A woman who experiences pain during caesarean section under neuraxial anaesthesia is at risk of adverse psychological sequelae. Litigation arising from pain during caesarean section under neuraxial anaesthesia has replaced accidental awareness under general anaesthesia as the most common successful medicolegal claim against obstetric anaesthetists. Generic guidelines on caesarean section exist, but they do not provide specific recommendations for this area of anaesthetic practice.
This guidance aims to offer pragmatic advice to support anaesthetists in caring for women during caesarean section. It emphasises the importance of non-technical skills, offers advice on best practice and aims to encourage standardisation. The guidance results from a collaborative effort by anaesthetists, psychologists and patients and has been developed to support clinicians and promote standardisation of practice in this area.
- Informed consent for anaesthesia for caesarean section requires an explanation of neuraxial techniques and general anaesthesia.

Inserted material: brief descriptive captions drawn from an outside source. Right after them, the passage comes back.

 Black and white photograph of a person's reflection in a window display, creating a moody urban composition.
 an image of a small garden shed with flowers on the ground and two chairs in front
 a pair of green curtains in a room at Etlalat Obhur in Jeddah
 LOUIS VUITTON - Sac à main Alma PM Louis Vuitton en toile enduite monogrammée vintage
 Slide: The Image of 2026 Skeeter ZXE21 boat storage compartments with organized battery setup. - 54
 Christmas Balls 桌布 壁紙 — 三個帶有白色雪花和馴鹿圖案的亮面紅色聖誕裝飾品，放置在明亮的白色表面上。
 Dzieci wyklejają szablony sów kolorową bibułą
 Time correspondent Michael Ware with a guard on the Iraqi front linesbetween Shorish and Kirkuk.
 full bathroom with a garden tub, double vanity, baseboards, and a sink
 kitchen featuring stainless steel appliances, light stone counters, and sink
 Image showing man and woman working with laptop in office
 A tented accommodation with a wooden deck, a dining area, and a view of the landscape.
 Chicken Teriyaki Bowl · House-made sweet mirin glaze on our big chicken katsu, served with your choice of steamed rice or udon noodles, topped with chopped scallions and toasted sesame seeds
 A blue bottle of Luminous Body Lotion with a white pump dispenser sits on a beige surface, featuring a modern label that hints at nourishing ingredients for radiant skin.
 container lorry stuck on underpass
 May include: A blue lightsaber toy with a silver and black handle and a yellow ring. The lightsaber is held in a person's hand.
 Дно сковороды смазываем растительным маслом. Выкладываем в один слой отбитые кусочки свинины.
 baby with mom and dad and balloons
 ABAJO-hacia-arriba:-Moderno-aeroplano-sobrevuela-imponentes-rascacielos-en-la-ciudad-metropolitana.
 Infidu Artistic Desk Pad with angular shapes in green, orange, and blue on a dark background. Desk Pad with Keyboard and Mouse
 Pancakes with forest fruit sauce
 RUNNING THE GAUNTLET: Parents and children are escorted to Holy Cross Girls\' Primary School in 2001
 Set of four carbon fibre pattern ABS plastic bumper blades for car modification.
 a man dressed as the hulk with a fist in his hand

- For neuraxial techniques, discuss the planned level of block and how it will be tested, the sensations that should be expected with an effective block, the possibility of pain and the potential ways of treating it, including general anaesthesia.
- For non-elective caesarean section, the discussion should include any potential fetal risks arising from the time taken to deliver the possible modes of anaesthesia.
- Use a recognised technique for neuraxial block for caesarean delivery with sufficient doses of local anaesthetic and opioids.
- Use light touch as the primary testing modality, aiming for a block to sensation to T5 or higher. A second, confirmatory sensory modality should be used if the level of block is in doubt.
- Identify the block level as the point at which sensation is first felt when moving from blocked to unblocked dermatomes between the mid-axillary and mid-clavicular lines bilaterally.
- Test the lower limit of the block as well as the upper limit, using the back of the leg if necessary to avoid spraying near the genital area.
- In addition, use straight leg raising as a simple and reproducible test for motor block. An effective block is indicated by the inability to straight leg raise against gravity bilaterally.
- Acknowledge any complaint of pain or distress and ask the surgeon to stop if safe, then use intravenous fast-acting opioids or ketamine in the first instance.
- A request for general anaesthesia should be honoured if possible. It is good practice for the anaesthetist to recommend general anaesthesia if effective analgesia is unlikely to be achieved using other methods.
- Any patient who feels pain during caesarean section should be followed-up before they leave hospital by a senior anaesthetist, who should also contact the patient's general practitioner.